In a similar way, Eve is disappointed of her husband and describes him as a butterfly when she says in lines: “she wonders what to do with the butterfly that landed on her hand and plans to settle there for life” (Moore). This shows that her husband is impractical as a butterfly and does not know what benefit she can get from him. Adam states the opposite by calling a husband a lion since he is an earner, whose meal is often stolen by his wife (Moore). Accordingly, the metaphors play a crucial role for readers to imagine things in different forms that may complicate realism. Nevertheless, they assist in seeing the real-world concept at a deeper level, improving the understanding of the meaning. As a result, the writer does not have to be direct in their explanations to reach realism.

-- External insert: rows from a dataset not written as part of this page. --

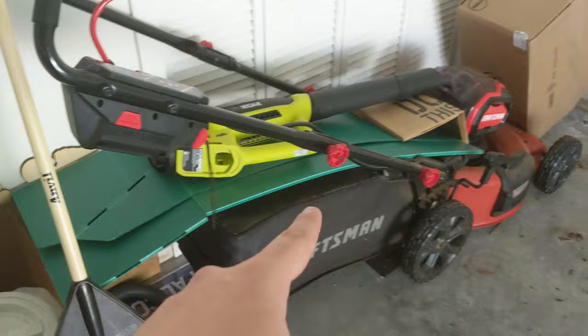Alright, it's that time of the year again. It is time to cut the grass.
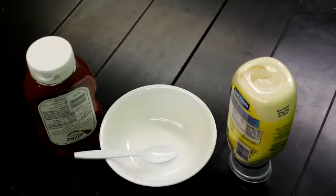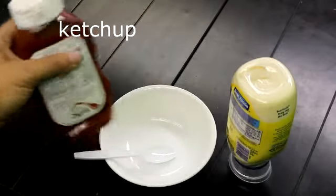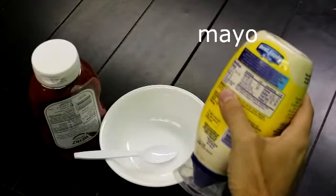All right, so we're going to show you how to make some fry sauce. For those of you who don't know, fry sauce is a combination of two different ingredients. One, we have ketchup. And the second ingredient is mayo.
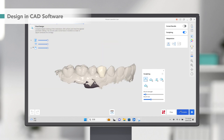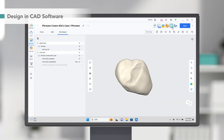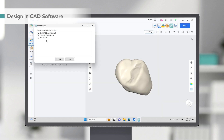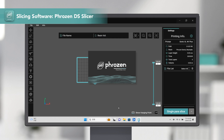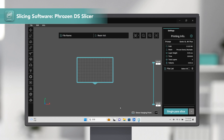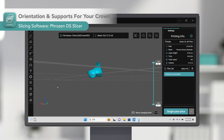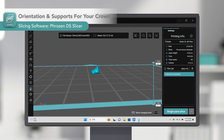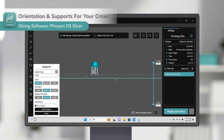Once we finish the design process, we'll use FrozenDSlicer to turn the scan data into a ready-to-print file. Medit's CAD software allows you to send the scan data directly to FrozenDSlicer. Here we can see the crown inside FrozenDSlicer. First, we must add support to our crown. Use the Build Support function and select CMB in the Type menu — it will automatically provide proper print support and orientation for your crown.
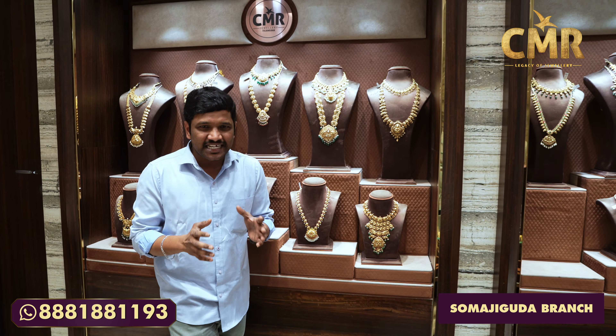Today I am going to show you a little bit of a collection. There is also an offer for you — a flat 9% off on these unique designs.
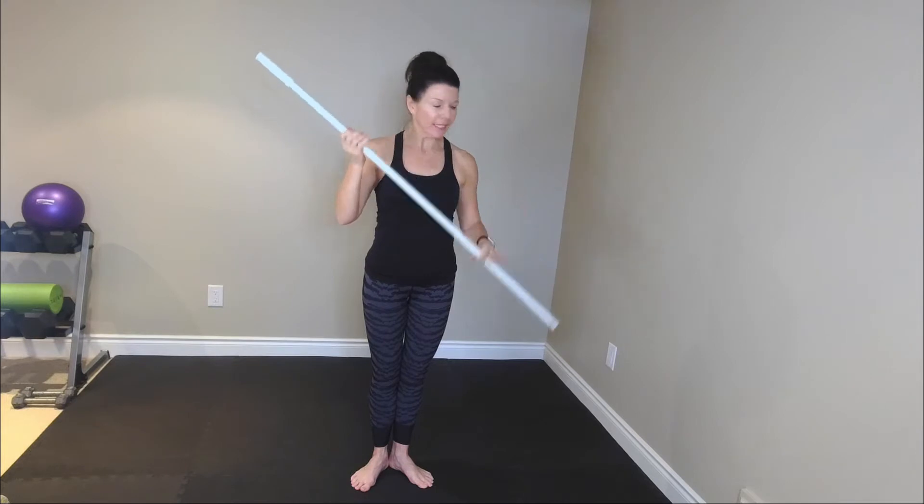Hey guys, we are going to work the legs for 10 minutes and all you need is a little bit of space and a broomstick, or a sturdy chair, or even the wall or a countertop. Think ballet-inspired moves and focus on the quads, the hamstrings, and of course the calves. So let's get going. Let's go. Ten minutes.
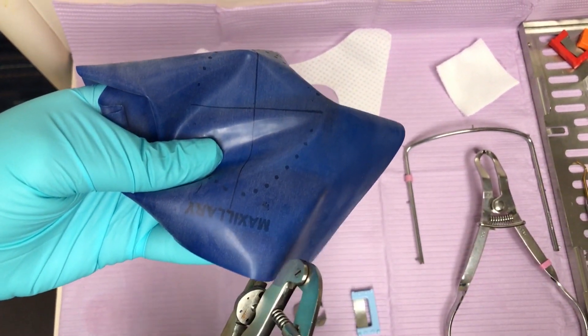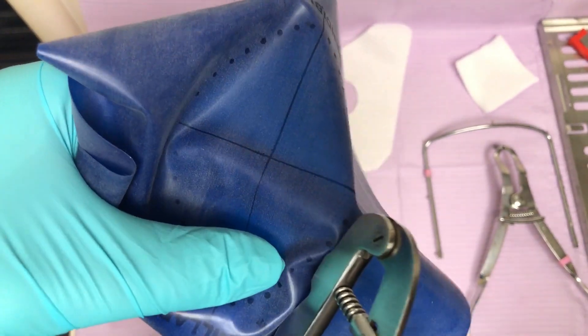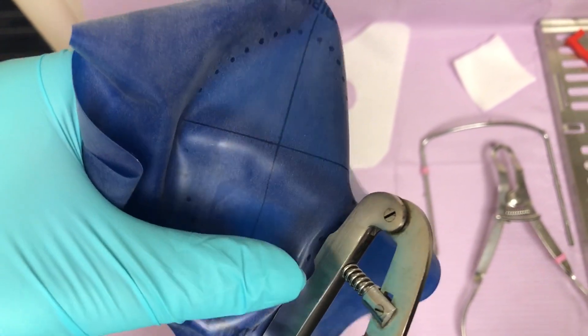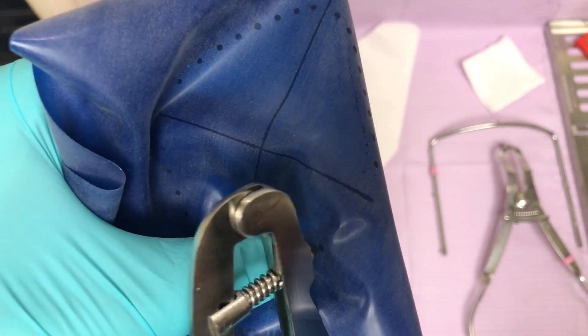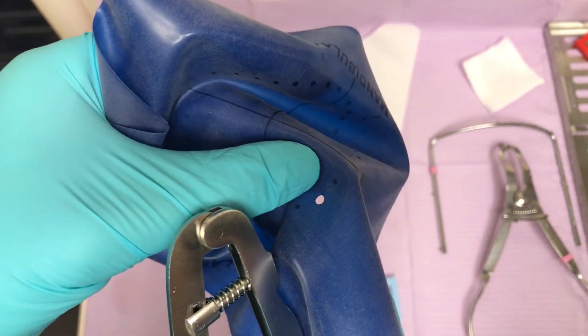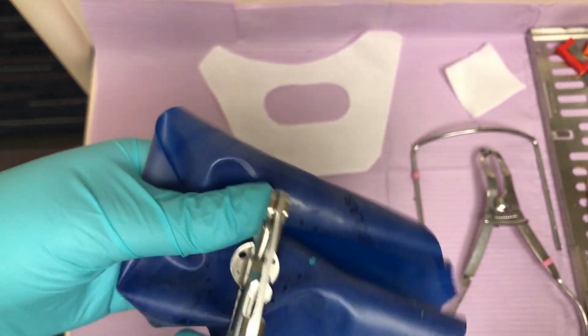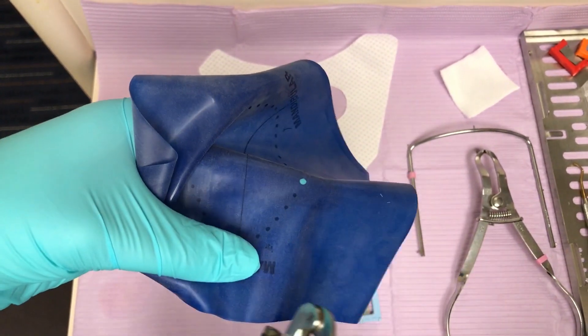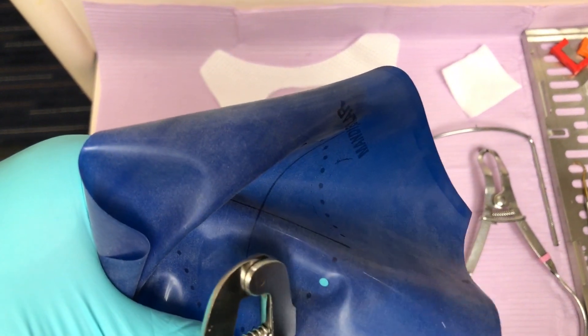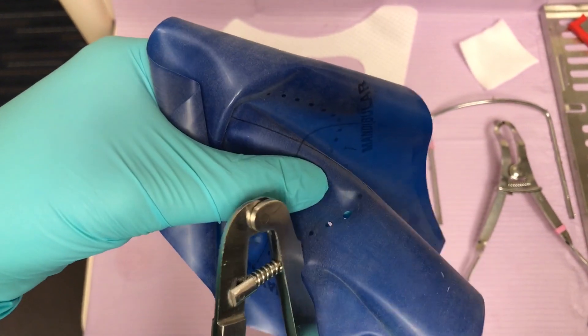Starting with the largest hole on our rubber dam punch, I punch a hole for where our clamp will be. I always use the biggest hole for the tooth I'm going to be clamping. Once that tooth has been punched, I move the hole punch down one size for number 14 (the 2-6) where we are going to be working. For the remaining teeth in the quadrant, I go down one hole size and punch the rest of the holes.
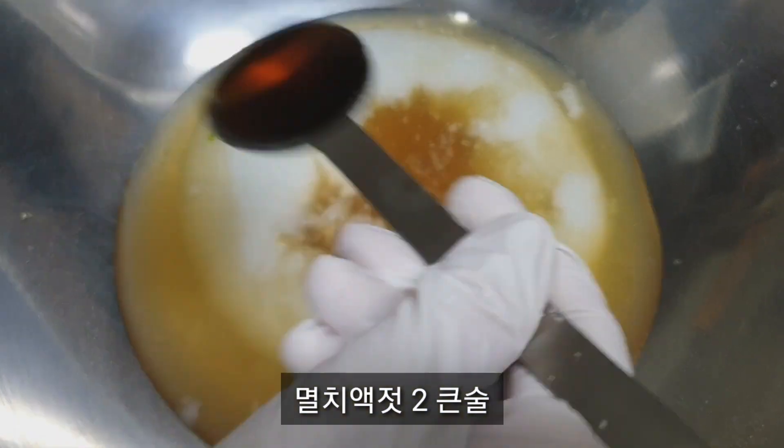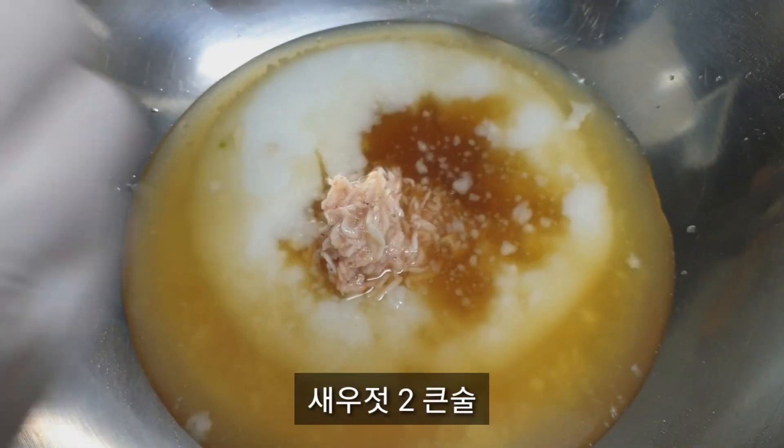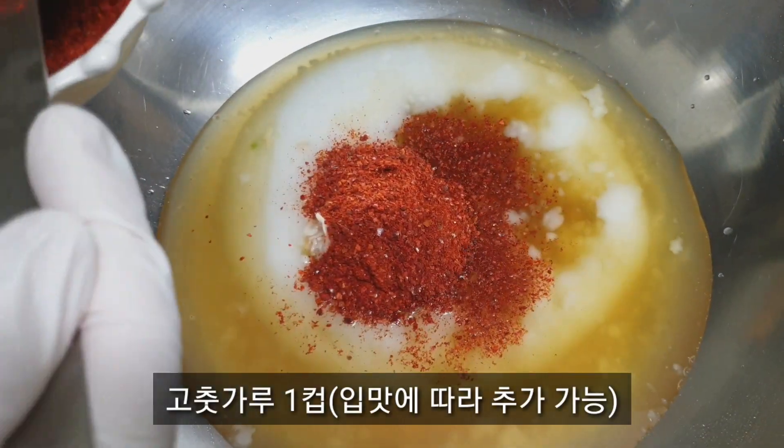Add a little bit of water and a little bit more water.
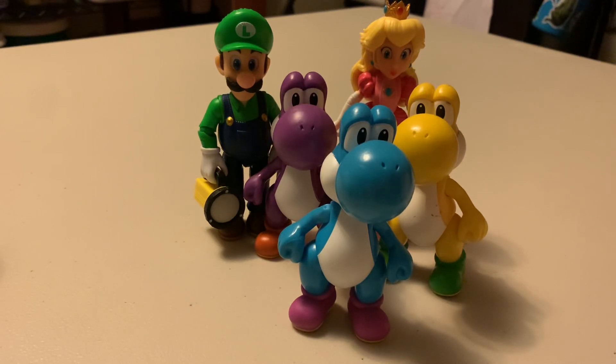Hello, everybody. I'm here with my sister, Maddie, and my brother, Will, to review the Mario movie figures, Luigi and Peach, and then the Yoshis. The Yoshis were from — all of these were from Jack's Pacific. We got them at Target.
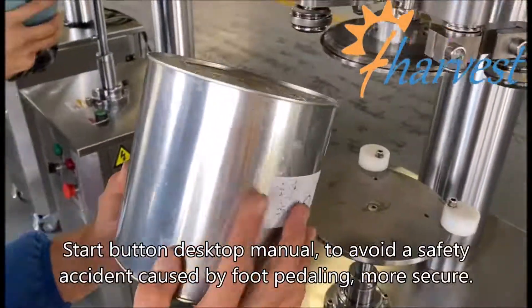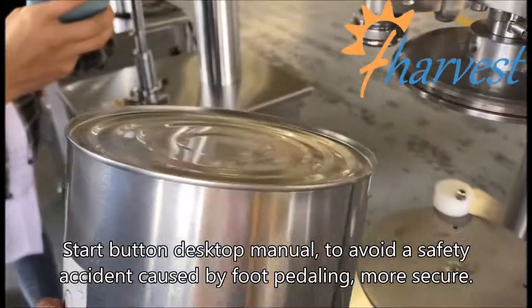The start button is desktop manual, to avoid a safety accident caused by foot pedaling — more secure.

To sum up, the writers try to make their stories realistic so readers can relate to their works. Many elements can strengthen or weaken realism in different ways. It might seem Moore uses mythology, symbolism, and metaphors to drift the readers afar from reality. Conversely, she represents the problems of marriage in the actual world through these devices. The mentioned elements work together in disrupting realism in a way that they use non-existent or exaggerated things but, at the same time, in achieving actuality if they are the reflections of real cases. Hence, she achieves realism in her poem because she does not illustrate the perfect relationship of couples as it is often done in mythologies and fairy tales but instead shows the true colors of Marriage. Thus, although the writer does not use explicit language to describe the poem’s theme, it enhances the more in-depth understanding of the work and its relation to reality.

Works Cited

Baldick, Chris. The Oxford Dictionary of Literary Terms. 3rd ed., Oxford University Press, 2008.

Moore, Marianne. “Marriage by Marianne Moore.” Famous Poems, Famous Poets, 2020. Web.